Urjit Patel’s Board Meet: What Is It All About
RBI Governor Urjit Patel called for a board meeting on November 19, to discuss and clear the pending issues, which created the fight between the government and the central bank, in the last week meeting. So, it seems Urjit Patel is not going to resign.
On the other hand, the finance ministry has given a word that it will respect the central bank’s autonomy.
The autonomy of the central bank, within the framework of the RBI Act, is an essential and accepted governance requirement. Governments in India have nurtured and respected this,” said the economy affairs department of the finance ministry.
The government did not deny reports that it invoked Section 7 of the RBI Act 1934 to initiate discussions on different issues, which includes easing prompt corrective action (PCA) framework and providing liquidity to the non-banking finance companies (NBFCs).

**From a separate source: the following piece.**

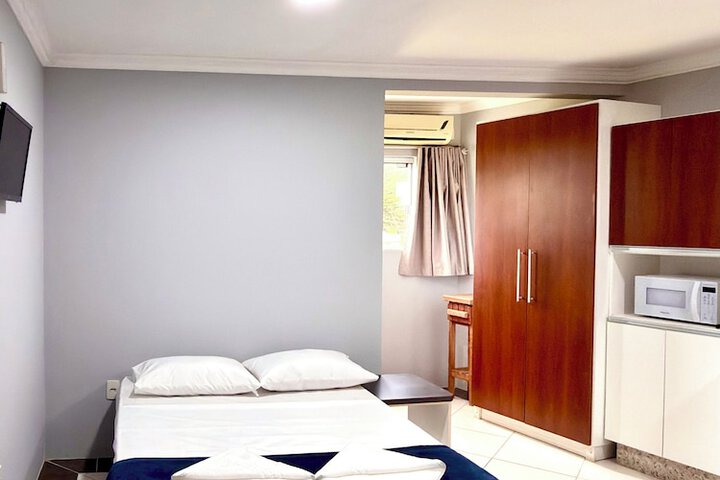 Room 2 of 34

According to the provision, after consulting the RBI Governor, the Central government may issue directions to the RBI as it may consider necessary in public interest.
The ministry said that both the government and RBI should have to be guided by public interests and Indian economy requirements.
The government and the RBI have had the disagreements recently, regarding easing capital adequacy norms for public sector banks, bringing some of them out of PCA, forbearance for the MSMEs and liquidity situation in NBFCs, and some other issues.
Also, the finance ministry said that there are several consultations had taken place between the government and the bank and this is also true for other regulations.
The government places its assessments on issues through these consultations to find out the best possible solutions.
When the RBI Deputy Governor Viral Acharya had given a powerful public speech about the independence of the central bank, the dispute between the government and the RBI got huge popularity.
If the government didn’t respect the independence of central bank, it should have to face outrage of the financial market, said Acharya.
Acharya also said that the central bank must possess more powers to supervise public sector banks, to keep balance sheet strong, and to have an adequate regulatory scope to secure greater financial and macroeconomic stability.